Brent Peters

Personal information
- Date of birth: 19 November 1957
- Place of birth: England

Managerial career
- Years: Team
- 1990–1991: Glossop North End
- 1993–1994: Rossendale United
- 1996–1997: Accrington Stanley (director of football)
- 1997–1997: Doncaster Rovers (assistant manager)
- 1997–Present: Bacup Borough

= Brent Peters =

English football manager

Brent Peters is an English football manager who manages Bacup Borough.

==Early life==

Peters was a football ball boy as a child. He is the son of former Rossendale United director Kenneth Peters.

==Career==

In 1997, Peters became the manager for Bacup Borough.

In 1990, Peters was appointed manager of Glossop North End.

In 1991, Peters worked at Bury FC as a youth coach and as a chief scout.

In 1993, Peters was appointed manager of his hometown club Rossendale United.

In September 1994, Peters returned to Bury FC as a youth coach.

In February 1996, Peters was appointed Director of football at Accrington Stanley.

In November 1996, Peters left the club after becoming frustrated and wanting a return to football management.

In February 1997, Peters was appointed Assistant Manager at Doncaster Rovers working under Kerry Dixon.

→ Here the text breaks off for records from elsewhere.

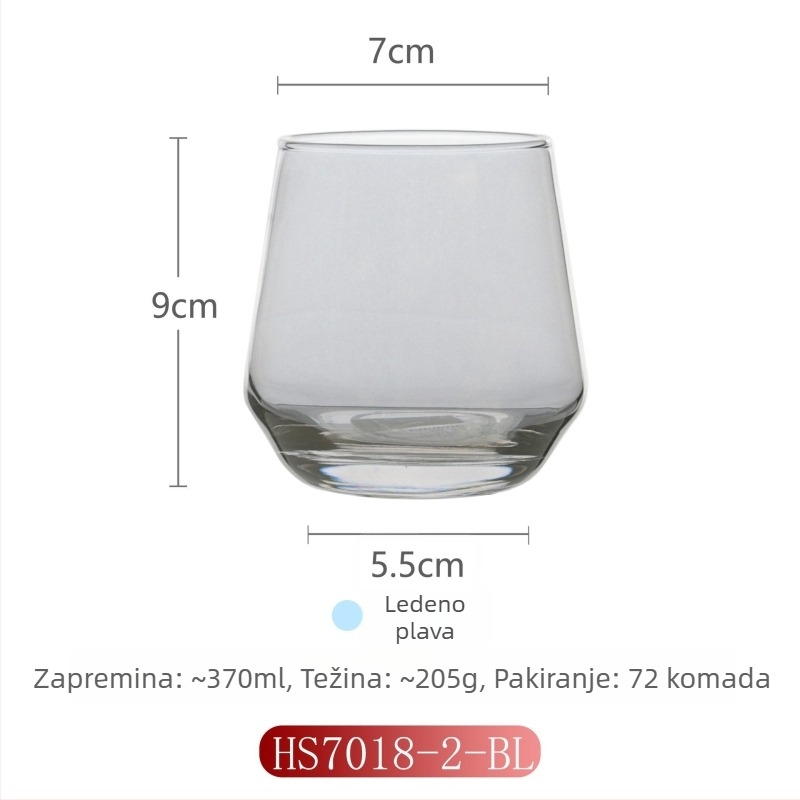 Staklena čašica za ispiranje usta za kućnu upotrebu, moderan minimalistički stil, okrugli oblik, kapica za izravno ispiranje, jednostruka konstrukcija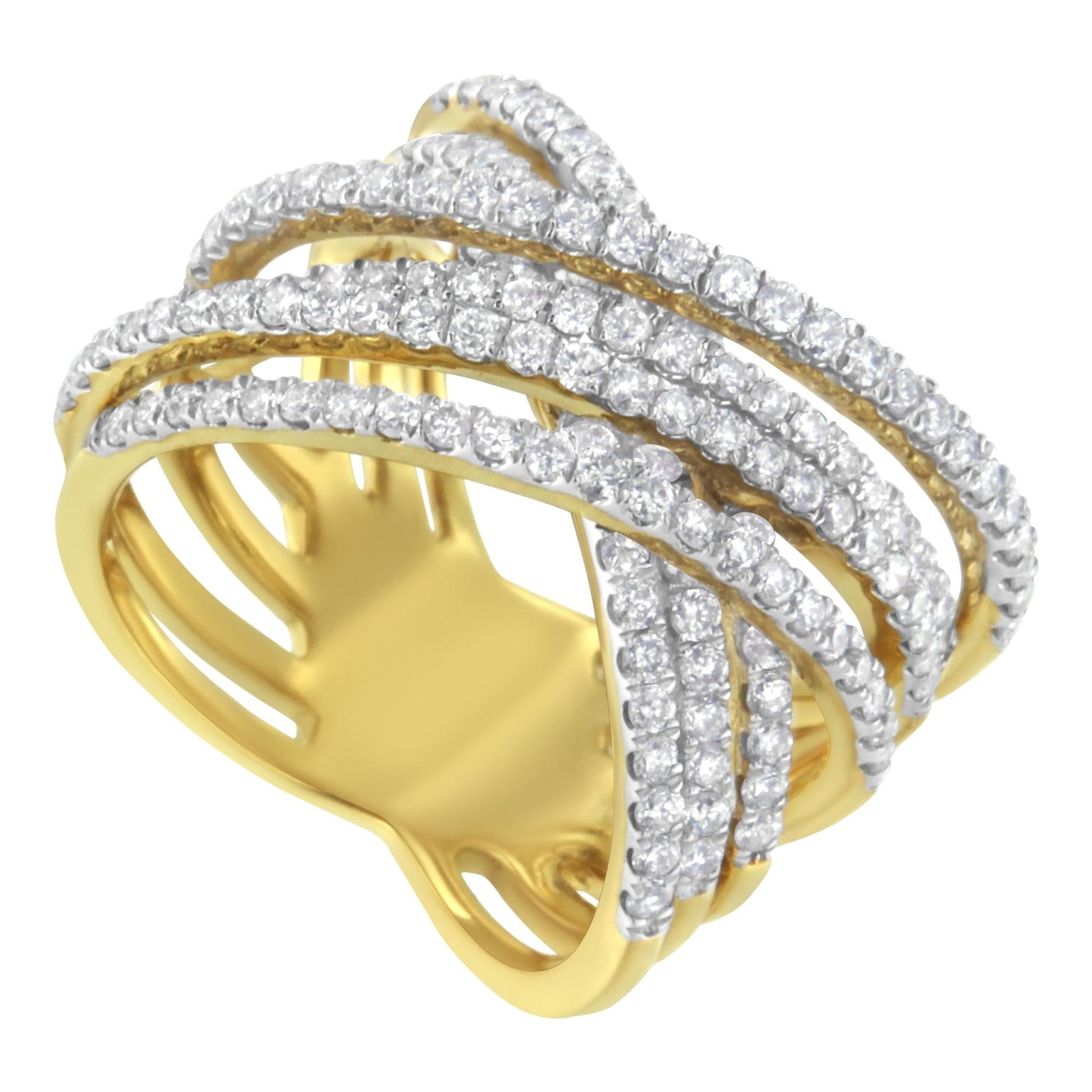 10KT Yellow Gold Diamond Bypass Ring (1 5/8 cttw, H-I Color, SI2-I1 Clarity)-3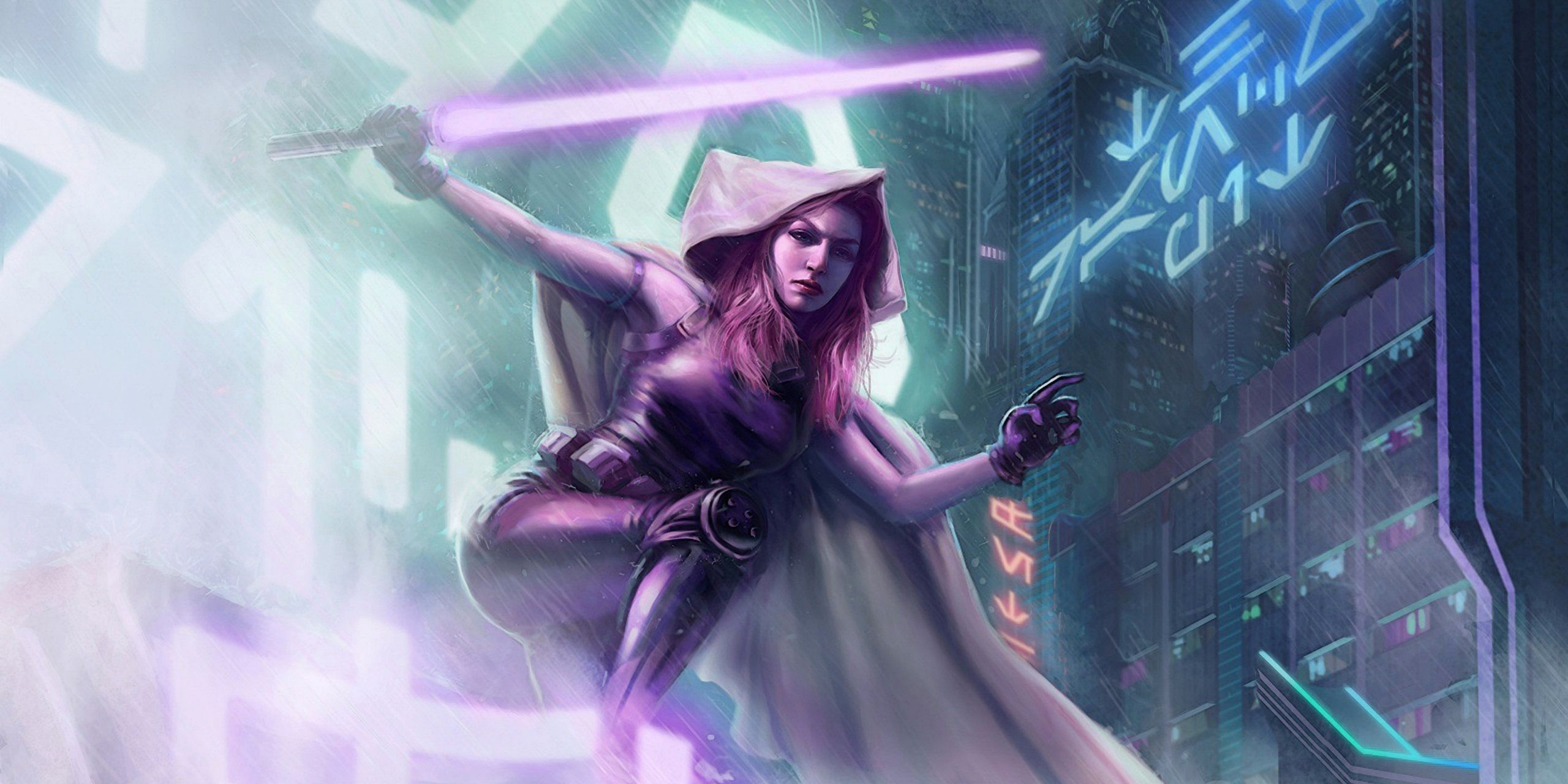 Mara Jade fighting with her purple lightsaber. 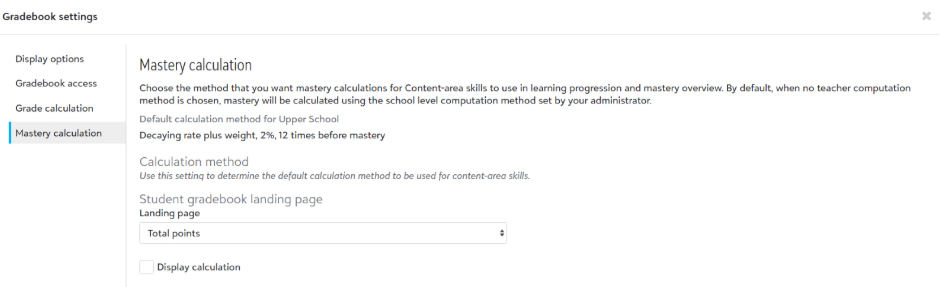 Image shows Gradebook Settings and Mastery Calculation options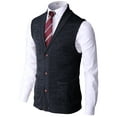thumbnail image 2 of H2H Mens Casual Basic Shawl Collar Knitted Slim Fit Vest with Ribbing Edge (CMOV034), 2 of 6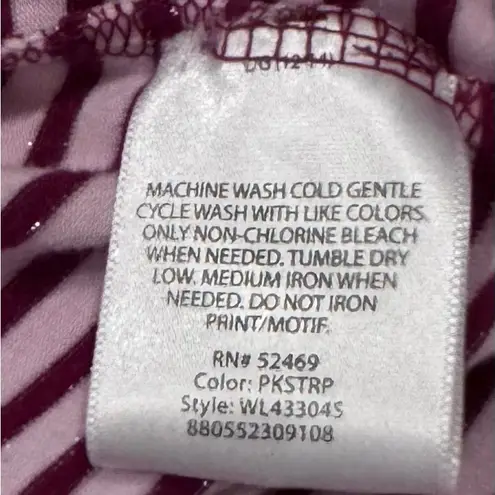 White Stag Pink Burgundy Stripe Turtleneck Top L | Cozy Sparkle Christmas Look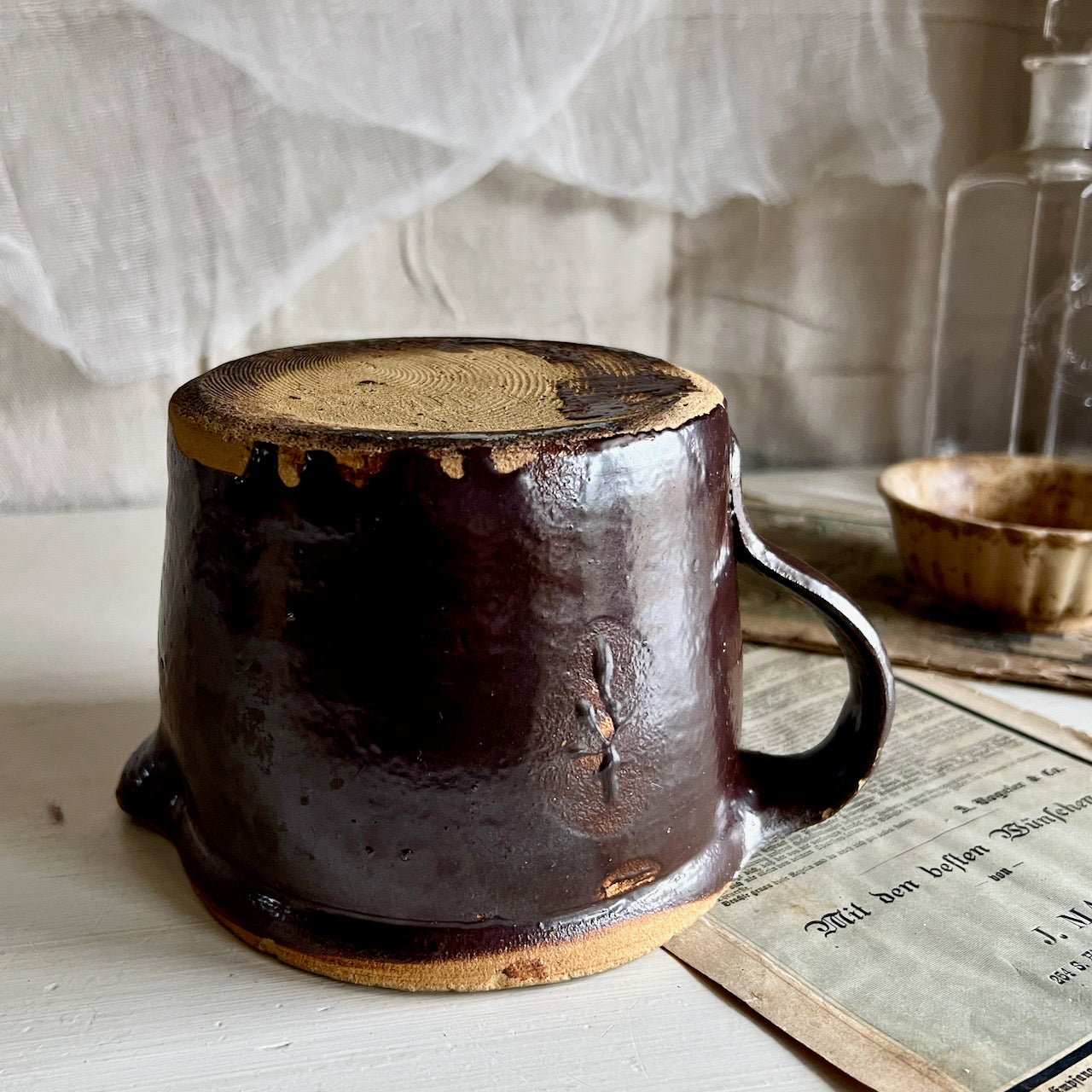 Rustic Old Brown Stoneware Pottery Pitcher (c.1900s)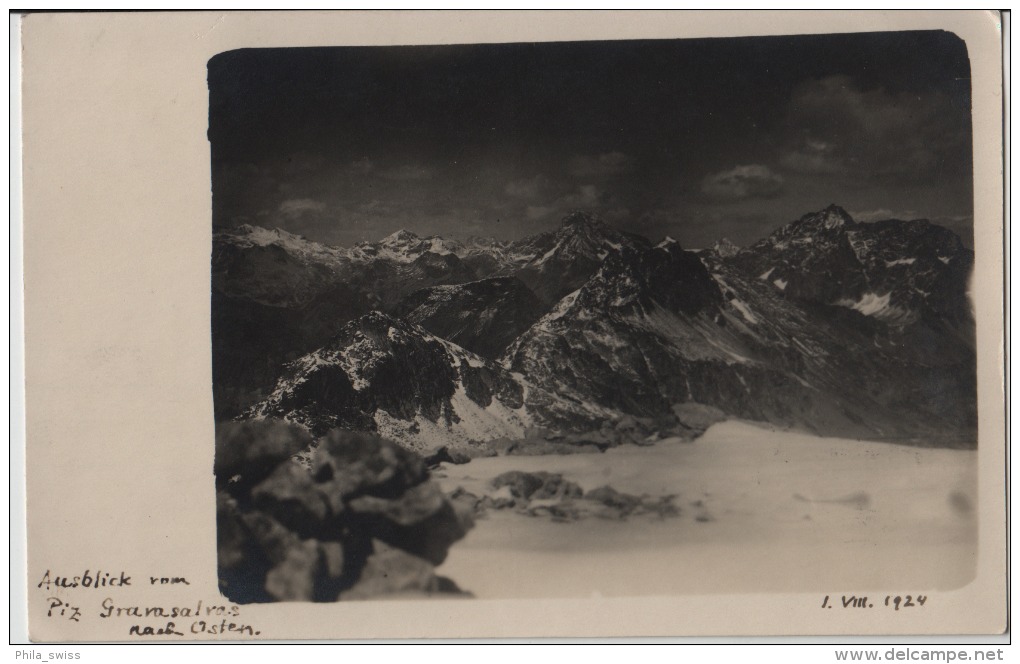 Ausblick Vom Piz Grevasalvas Nach Osten - 1.VIII. 1924 - Stempel: Zernez - Zernez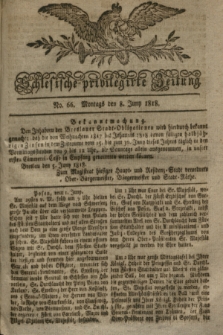 Schlesische privilegirte Zeitung. 1818, No. 66 (8 Juni) + dod. + wkładka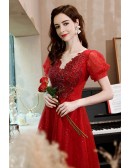 Bling Tulle Red Aline Long Prom Dress with Beaded Appliques Short Sleeves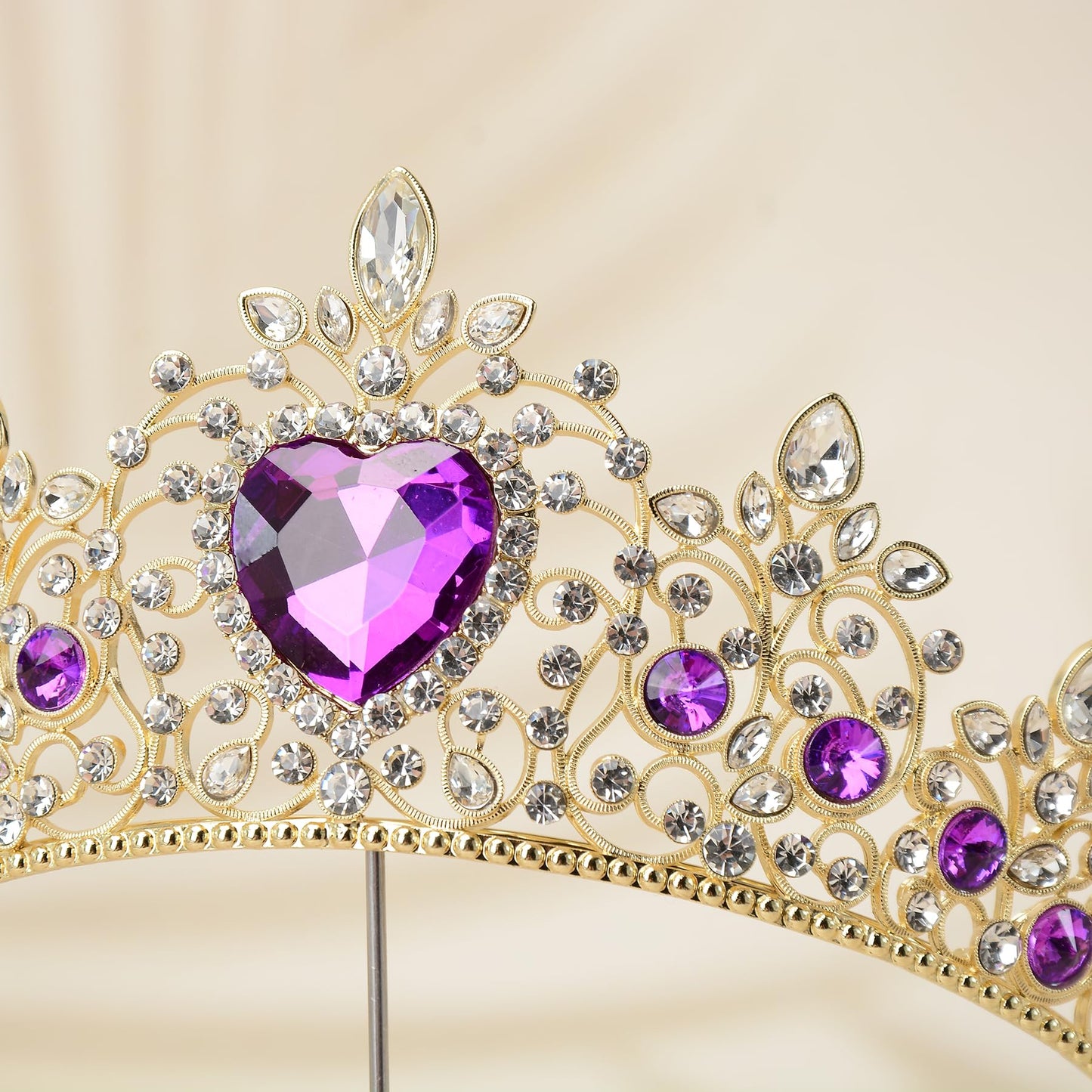 S SNUOY Tiaras and Crowns for Women Crystal Queen Crowns Rhinestone Princess Tiaras Hair Accessories for Bridal Birthday Prom Party - February Amethyst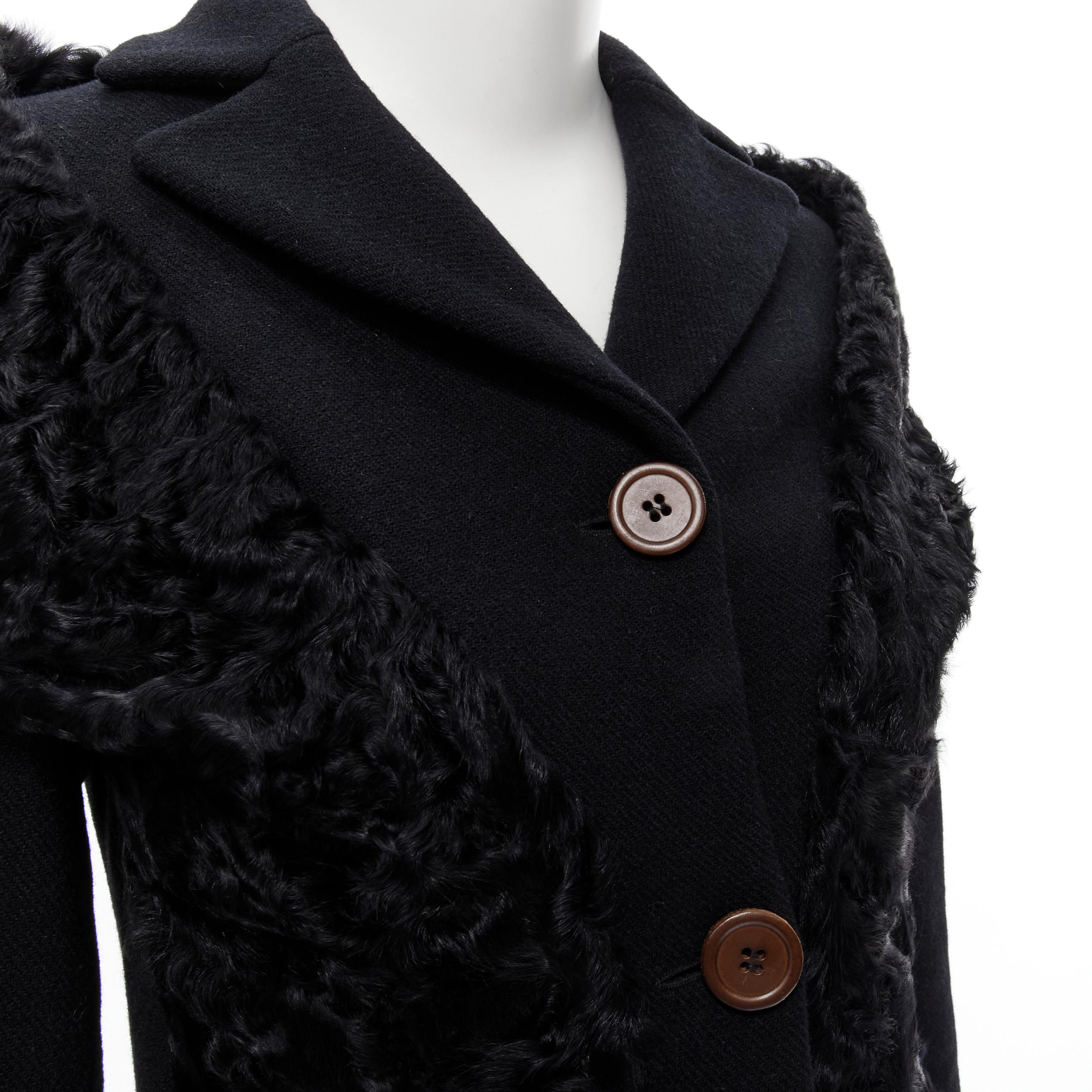 MIU MIU black shearling attached fur shawl long wool coat IT38 XS 1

In 1997, Peters was appointed manager of English side Bacup Borough. He became the longest-serving football manager worldwide. He has also worked as the club's driver, repairman, and groundsman. He helped the club win the league. He has been nicknamed "Mister Non-League".

==Personal life==

Peters has been married. He has a daughter. He has been honored by the Borough of Rossendale council.